### TASK PROMPT
An exact copy is all that is wanted: the lines from the one with "McDavid 421R Kniestütze Mit" through the end of the listing below, both included, minus any pictures.

======== RECORDED INFORMATION

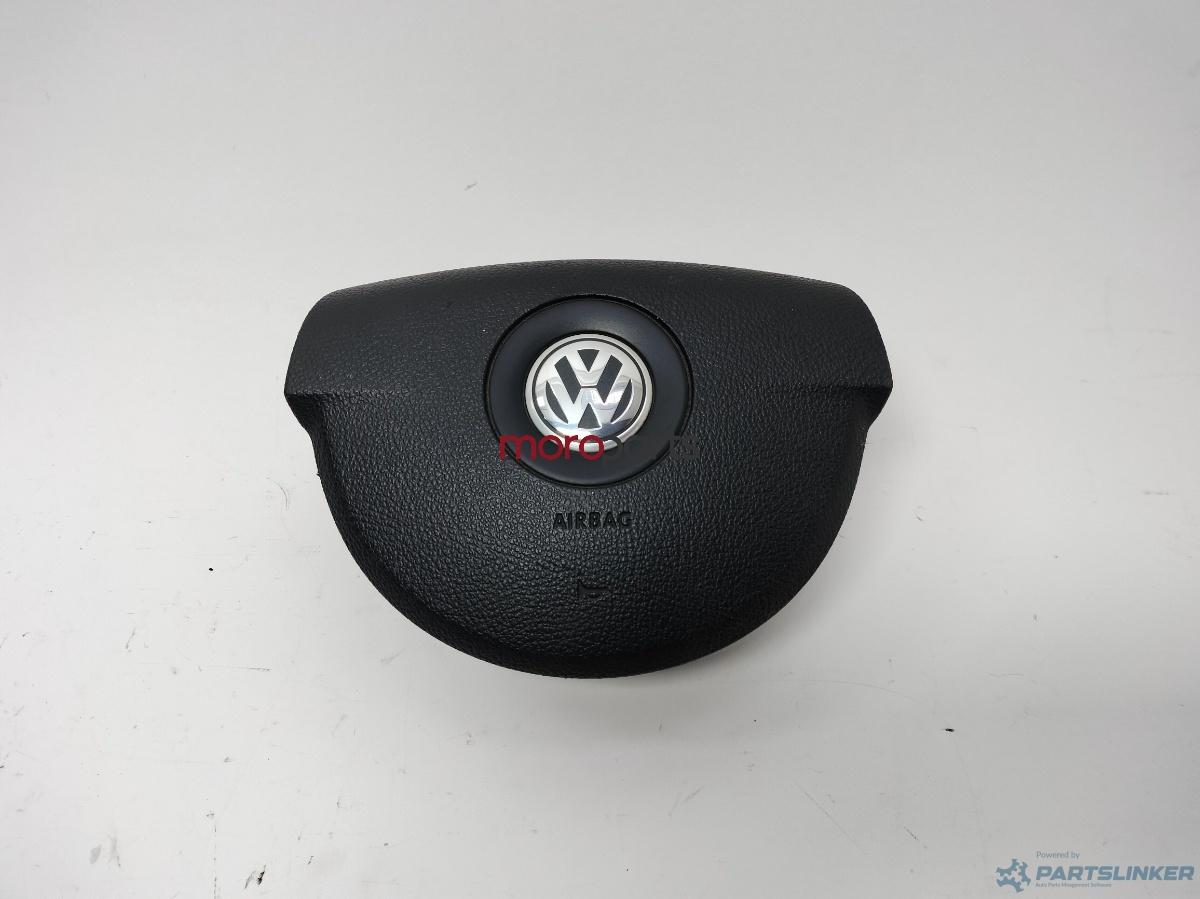 Airbag volan VOLKSWAGEN PASSAT (3C2) [ 2005 - 2010 ] VAG OEM 3C0880201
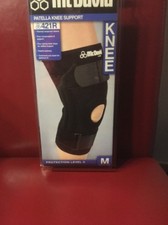 McDavid 421R Kniestütze Mit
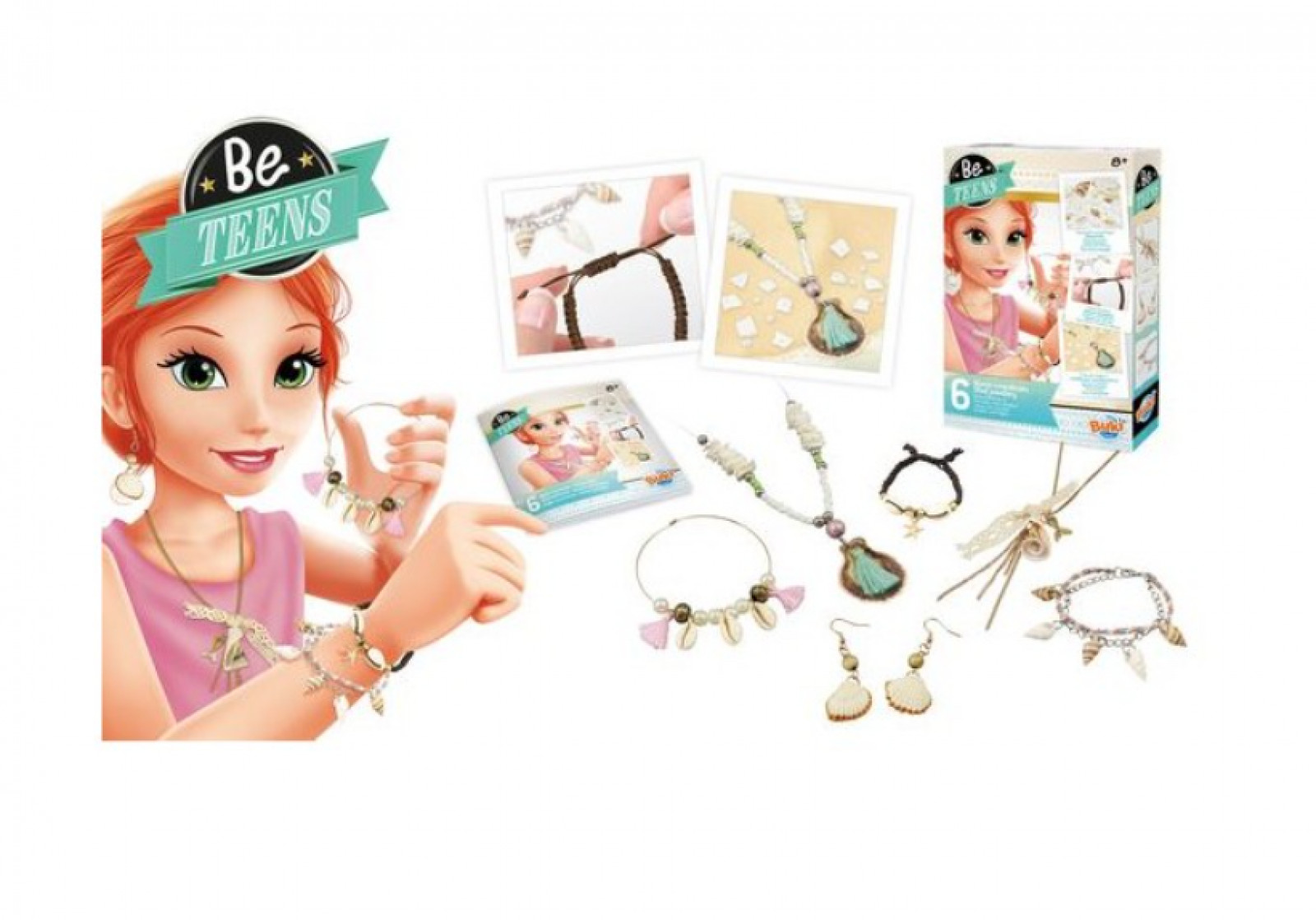 + 8 ans - Boutique Toup'tibou - photo 30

================

### REPLY
 McDavid 421R Kniestütze Mit
 + 8 ans - Boutique Toup'tibou - photo 30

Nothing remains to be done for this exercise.